Assignment — Pictures aside, every line of the listing should be given again exactly.

Given data —
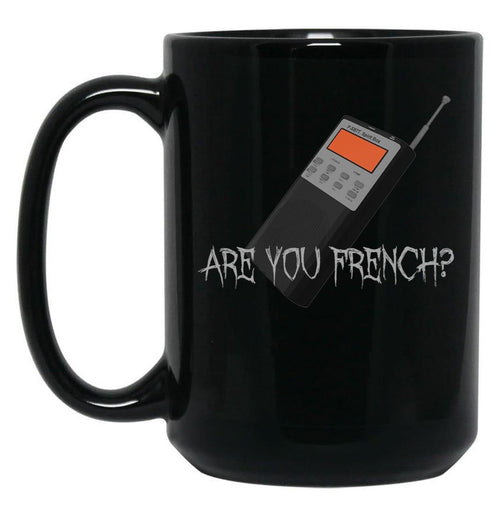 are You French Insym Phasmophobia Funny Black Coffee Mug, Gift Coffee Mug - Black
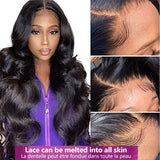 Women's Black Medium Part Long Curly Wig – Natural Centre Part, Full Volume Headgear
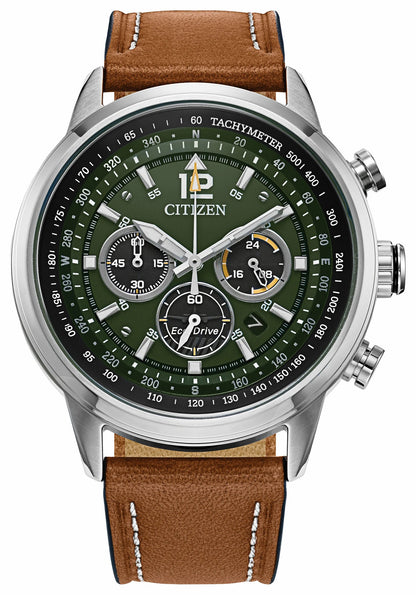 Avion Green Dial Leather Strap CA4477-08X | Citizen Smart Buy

Answer —
 are You French Insym Phasmophobia Funny Black Coffee Mug, Gift Coffee Mug - Black
 Women's Black Medium Part Long Curly Wig – Natural Centre Part, Full Volume Headgear
 Avion Green Dial Leather Strap CA4477-08X | Citizen Smart Buy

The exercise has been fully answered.